United Nations Special Rapporteur on the Rights of Persons with Disabilities
- Incumbent
- Assumed office November 2023
- Preceded by: Gerard Quinn

= Heba Hagrass =

Egyptian parliamentarian and UN rapporteur

Heba Hagrass is an Egyptian sociologist. She was a member of the Egyptian House of Representatives from 2015 to 2020 and she became the United Nations Special Rapporteur on the rights of persons with disabilities in 2023.

==Life==
Hagrass is an alumnus of the American University in Cairo. She obtained her doctorate in disabilities studies in England at the University of Leeds in 2010. In 2013 as an "Egyptian advocate for the rights of persons with disabilities in the Arab region" she was one of the signatories of an open letter calling on the United Nations to recognise the rights of people with disabilities. She played a part in drafting the United Nations' Convention on the Rights of Persons with Disabilities. She was on the International Disability Caucus which created Article 6. She represented women with disabilities.

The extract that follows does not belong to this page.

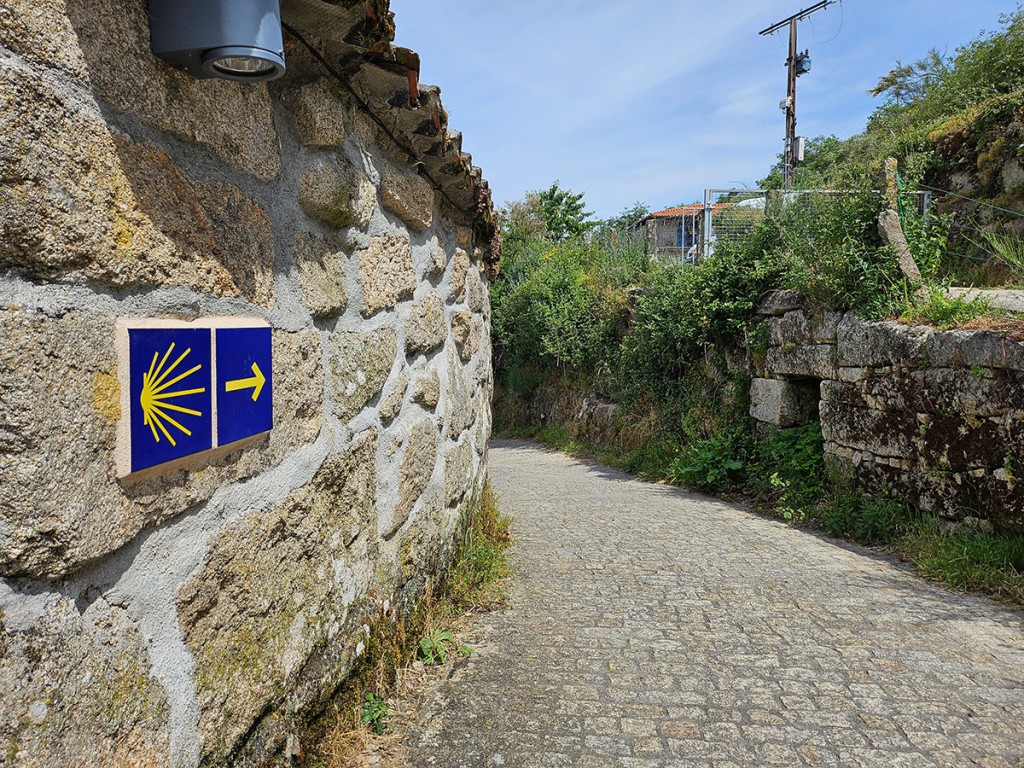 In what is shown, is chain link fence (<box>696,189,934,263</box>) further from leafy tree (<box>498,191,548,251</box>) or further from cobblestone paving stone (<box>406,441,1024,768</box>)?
leafy tree (<box>498,191,548,251</box>)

She was the Egyptian National Council for Disability Affairs' Secretary General until 2015. In that year she became a member of the Egyptian lower house where for five years she represented people with disabilities. She was involved in drafting five new pieces of legislation on their behalf.

In November 2023 she became the Special Rapporteur on the rights of persons with disabilities. This a volunteer position and she was chosen from the applicants by the Human Rights Council. She followed Catalina Devandas Aguilar of Costa Rica and the Irish Professor Gerard Quinn who had been the first and second appointments.

During the Gaza war she spoke out on behalf of the people with disabilities in Gaza. She asked all those involved to allow people access to food, medicine and other necessary supplies citing the requirements of the Convention on the Rights of Persons with Disabilities to look after civilians irrespective of their abilities.

In March 2024 she attended the 22nd Meeting - 55th Regular Session of the Human Rights Council to report and join the dialogue. In September she made an official visit to Kyrgyzstan.